Corregedor do TSE diz que desinformação pode causar inelegibilidade e cassação

O ministro Luís Felipe Salomão, corregedor-geral do Tribunal Superior Eleitoral (TSE), participou nesta sexta-feira (6) de um seminário virtual sobre os desafios atuais da Justiça Eleitoral.

Sem entrar em detalhes, Salomão parabenizou os idealizadores do evento ao afirmar que a Justiça Eleitoral vive “momento tão difícil”.

Durante a palestra, ele contou como foi ter trabalhado nas eleições de 2018 — as primeiras, segundo ele, com uso massivo de internet e de notícias falsas.

O ministro ponderou que, na ocasião, o Tribunal adotou uma postura de mediação e fez uma comparação com o futebol. “Se todo momento apitássemos uma falta, o jogo parava toda hora.”

Salomão também disse que o TSE trabalha em três campos em relação às fake news: administrativo, normativo e jurisdicional. No último, podendo punir os candidatos que usarem fake news.

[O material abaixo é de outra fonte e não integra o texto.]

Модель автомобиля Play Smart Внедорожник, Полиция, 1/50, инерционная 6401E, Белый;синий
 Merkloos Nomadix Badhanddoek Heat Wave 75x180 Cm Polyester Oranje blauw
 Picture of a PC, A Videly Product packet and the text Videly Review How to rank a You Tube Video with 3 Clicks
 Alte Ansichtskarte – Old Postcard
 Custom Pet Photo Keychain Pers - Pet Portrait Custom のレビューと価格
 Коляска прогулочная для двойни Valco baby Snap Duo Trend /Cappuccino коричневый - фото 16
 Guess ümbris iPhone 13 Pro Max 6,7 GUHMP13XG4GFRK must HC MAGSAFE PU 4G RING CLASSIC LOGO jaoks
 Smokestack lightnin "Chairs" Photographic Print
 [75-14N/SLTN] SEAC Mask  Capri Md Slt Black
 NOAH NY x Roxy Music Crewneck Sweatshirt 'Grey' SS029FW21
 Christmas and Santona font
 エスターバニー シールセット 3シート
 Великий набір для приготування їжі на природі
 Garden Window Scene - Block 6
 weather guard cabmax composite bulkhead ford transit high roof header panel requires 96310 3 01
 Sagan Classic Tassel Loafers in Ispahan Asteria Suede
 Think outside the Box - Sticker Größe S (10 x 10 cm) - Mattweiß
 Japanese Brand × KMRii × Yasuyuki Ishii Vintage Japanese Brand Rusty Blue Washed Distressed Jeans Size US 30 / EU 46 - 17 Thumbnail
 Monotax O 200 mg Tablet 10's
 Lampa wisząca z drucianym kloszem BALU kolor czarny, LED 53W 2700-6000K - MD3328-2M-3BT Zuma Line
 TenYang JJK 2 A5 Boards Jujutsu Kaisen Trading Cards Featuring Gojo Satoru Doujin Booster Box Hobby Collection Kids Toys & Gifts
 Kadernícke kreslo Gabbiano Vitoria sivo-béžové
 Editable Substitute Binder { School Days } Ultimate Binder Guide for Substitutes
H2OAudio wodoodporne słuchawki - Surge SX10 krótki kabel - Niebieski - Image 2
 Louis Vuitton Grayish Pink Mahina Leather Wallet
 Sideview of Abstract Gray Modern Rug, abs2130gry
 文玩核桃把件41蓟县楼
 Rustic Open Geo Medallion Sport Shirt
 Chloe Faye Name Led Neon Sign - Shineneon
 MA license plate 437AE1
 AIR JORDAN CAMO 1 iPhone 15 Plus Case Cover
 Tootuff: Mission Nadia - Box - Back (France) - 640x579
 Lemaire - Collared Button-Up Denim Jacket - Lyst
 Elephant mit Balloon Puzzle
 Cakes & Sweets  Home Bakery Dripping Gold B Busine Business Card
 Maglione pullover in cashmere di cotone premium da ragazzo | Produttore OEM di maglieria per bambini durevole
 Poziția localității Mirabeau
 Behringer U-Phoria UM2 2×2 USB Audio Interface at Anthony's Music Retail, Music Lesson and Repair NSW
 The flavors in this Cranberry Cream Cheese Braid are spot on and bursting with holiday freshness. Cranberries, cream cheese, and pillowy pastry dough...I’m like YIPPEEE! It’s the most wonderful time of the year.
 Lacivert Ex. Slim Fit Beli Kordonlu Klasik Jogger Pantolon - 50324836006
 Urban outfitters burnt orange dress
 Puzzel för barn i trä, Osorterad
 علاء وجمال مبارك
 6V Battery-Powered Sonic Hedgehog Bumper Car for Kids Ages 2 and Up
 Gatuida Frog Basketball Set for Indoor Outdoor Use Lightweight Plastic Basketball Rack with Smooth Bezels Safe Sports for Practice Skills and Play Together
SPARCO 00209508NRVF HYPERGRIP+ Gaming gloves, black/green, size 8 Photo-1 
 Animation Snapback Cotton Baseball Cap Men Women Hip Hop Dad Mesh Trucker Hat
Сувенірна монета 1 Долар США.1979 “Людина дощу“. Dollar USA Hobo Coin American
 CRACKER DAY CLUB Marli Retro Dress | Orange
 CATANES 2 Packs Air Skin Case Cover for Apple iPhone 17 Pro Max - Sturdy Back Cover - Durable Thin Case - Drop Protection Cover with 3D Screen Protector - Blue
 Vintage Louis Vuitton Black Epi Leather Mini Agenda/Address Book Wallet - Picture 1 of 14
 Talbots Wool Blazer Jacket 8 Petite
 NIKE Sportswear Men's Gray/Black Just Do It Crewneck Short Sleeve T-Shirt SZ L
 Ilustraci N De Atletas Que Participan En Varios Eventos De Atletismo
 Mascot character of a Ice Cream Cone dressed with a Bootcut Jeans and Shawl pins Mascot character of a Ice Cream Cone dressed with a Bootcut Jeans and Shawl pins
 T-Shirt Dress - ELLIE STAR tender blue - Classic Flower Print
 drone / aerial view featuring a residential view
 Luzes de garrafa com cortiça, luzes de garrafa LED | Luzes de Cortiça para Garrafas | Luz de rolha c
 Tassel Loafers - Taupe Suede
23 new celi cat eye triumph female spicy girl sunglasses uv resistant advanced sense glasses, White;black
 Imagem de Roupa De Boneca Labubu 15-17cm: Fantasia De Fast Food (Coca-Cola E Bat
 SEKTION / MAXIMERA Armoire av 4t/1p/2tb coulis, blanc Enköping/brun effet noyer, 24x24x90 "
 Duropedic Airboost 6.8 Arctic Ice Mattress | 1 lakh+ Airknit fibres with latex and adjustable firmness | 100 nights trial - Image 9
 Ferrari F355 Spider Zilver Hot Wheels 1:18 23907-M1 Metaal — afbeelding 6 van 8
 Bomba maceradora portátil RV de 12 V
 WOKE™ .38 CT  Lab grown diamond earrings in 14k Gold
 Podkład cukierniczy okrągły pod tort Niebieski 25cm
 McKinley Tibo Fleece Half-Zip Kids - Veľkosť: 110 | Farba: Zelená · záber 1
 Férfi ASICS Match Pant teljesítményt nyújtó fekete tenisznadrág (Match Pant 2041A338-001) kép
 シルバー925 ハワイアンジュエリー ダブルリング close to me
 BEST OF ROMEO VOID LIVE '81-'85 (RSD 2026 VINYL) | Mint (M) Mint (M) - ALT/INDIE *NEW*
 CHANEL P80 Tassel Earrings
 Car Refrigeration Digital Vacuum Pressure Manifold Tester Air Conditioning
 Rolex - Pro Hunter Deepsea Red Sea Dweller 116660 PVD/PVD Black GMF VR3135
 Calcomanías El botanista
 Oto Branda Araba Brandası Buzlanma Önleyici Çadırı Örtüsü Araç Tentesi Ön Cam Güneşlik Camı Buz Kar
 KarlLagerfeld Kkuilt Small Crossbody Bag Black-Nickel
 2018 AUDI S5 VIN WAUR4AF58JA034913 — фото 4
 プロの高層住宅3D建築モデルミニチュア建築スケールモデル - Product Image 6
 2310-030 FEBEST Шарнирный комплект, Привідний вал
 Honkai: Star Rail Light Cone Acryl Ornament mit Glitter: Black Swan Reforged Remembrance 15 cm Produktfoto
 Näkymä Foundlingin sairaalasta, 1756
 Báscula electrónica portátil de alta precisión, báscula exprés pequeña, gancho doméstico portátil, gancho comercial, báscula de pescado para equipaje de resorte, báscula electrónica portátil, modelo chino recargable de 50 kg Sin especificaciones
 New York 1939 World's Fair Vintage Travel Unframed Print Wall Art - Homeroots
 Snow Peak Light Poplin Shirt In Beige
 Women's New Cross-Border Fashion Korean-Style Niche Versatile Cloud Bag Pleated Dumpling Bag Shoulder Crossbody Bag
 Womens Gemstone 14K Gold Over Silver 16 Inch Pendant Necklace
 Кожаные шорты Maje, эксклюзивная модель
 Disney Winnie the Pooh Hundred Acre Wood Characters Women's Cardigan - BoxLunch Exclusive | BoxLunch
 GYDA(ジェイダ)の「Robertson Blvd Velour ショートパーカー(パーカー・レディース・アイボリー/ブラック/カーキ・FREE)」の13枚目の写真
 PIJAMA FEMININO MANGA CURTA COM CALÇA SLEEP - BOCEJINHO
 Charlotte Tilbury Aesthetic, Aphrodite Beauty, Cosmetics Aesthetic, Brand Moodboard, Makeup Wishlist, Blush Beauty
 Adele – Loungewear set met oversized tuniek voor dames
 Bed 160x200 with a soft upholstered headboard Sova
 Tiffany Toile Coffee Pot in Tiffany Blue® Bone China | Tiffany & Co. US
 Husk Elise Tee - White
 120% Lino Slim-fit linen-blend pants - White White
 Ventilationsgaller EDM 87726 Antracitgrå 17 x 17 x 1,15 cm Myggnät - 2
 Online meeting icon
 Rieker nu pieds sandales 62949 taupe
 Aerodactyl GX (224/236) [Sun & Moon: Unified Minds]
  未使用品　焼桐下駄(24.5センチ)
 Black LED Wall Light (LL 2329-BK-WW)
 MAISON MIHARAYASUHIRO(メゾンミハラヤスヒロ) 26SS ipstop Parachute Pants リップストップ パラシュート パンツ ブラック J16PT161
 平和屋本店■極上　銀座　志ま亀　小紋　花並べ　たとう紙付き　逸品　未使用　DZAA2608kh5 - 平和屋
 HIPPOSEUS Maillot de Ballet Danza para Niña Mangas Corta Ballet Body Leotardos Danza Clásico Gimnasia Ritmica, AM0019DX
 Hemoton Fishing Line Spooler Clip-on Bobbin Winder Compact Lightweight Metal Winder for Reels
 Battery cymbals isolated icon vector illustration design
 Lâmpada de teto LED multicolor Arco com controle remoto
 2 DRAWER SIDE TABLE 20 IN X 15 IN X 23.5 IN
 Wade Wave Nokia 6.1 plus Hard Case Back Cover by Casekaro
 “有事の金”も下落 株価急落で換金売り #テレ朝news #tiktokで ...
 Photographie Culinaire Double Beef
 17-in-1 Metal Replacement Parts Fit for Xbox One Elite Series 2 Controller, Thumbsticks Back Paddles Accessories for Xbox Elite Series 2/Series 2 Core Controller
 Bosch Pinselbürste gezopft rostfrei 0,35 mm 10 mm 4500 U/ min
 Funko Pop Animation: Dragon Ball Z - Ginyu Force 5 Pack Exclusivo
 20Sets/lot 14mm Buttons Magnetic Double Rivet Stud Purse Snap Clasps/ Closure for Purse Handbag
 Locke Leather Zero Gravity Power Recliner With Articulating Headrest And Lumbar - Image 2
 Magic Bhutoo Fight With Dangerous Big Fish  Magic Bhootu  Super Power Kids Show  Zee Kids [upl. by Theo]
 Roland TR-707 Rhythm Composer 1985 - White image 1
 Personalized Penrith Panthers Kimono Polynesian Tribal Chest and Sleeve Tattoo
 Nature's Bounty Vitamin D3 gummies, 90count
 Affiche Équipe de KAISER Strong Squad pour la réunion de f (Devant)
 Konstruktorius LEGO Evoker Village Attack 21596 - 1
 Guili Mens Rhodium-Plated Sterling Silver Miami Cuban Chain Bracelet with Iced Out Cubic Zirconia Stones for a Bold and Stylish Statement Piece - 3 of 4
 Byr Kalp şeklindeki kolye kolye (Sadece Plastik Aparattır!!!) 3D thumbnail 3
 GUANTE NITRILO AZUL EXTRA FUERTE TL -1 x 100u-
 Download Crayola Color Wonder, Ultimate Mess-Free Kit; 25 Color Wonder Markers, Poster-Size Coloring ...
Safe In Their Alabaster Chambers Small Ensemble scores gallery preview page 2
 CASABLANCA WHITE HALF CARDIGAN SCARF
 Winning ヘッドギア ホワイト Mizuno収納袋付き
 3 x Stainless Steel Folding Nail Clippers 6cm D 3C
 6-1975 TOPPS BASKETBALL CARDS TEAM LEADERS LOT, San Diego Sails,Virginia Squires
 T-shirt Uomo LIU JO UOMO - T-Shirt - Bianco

“E (podemos abordar esse tema) no campo propriamente jurisdicional, que é através da detecção de propaganda irregular no período adequado. Como disse aqui: juízes da propaganda atuam muito intensamente na repressão desse tema e nas Aijes (Ações de Investigação Judicial Eleitoral) e Aimes (Ação de Impugnação de Mandato Eletivo) tratando de abuso de poder político e econômico, e tratando do uso indevido dos meios de comunicação. Como todos nós sabemos, podendo acarretar inclusive na inelegibilidade ou eventualmente cassação de chapa, impedindo até mesmo o registro se for o caso”, disse.

Em nenhum momento, Salomão se referiu a algum candidato especificamente.

Os possíveis crimes de abuso de poder político e econômico, além do uso indevido dos meios de comunicação, foram levantados por Salomão no pedido que fez para o TSE abrir um inquérito administrativo contra Bolsonaro por ataques feitos ao sistema eletrônico de votação e à legitimidade das eleições de 2022.

O pedido foi aceito por unanimidade pelo plenário do TSE, que pediu também a inclusão de Bolsonaro como investigado no inquérito das fake news que tramita no STF. O ministro Alexandre de Moraes aceitou o pedido.

Na quarta, Salomão pediu ao STF o compartilhamento de provas sobre as “fake news” e o chamado gabinete do ódio.

Inquérito no TSE

Em julho, Salomão cobrou de Bolsonaro a apresentação de provas de que haveria fraude nas urnas. O prazo se encerrou e Bolsonaro não respondeu.

Em uma live, o presidente da República apresentou indícios falsos que já foram rebatidos pelo próprio TSE. A transmissão ocorreu mais de 500 dias depois de Bolsonaro ter prometido apresentar as provas “brevemente”, nas palavras dele.

Já com o prazo encerrado, Bolsonaro respondeu ao TSE e Salomão pediu para que o procedimento administrativo fosse transformado em um inquérito. O plenário do TSE aprovou por unanimidade.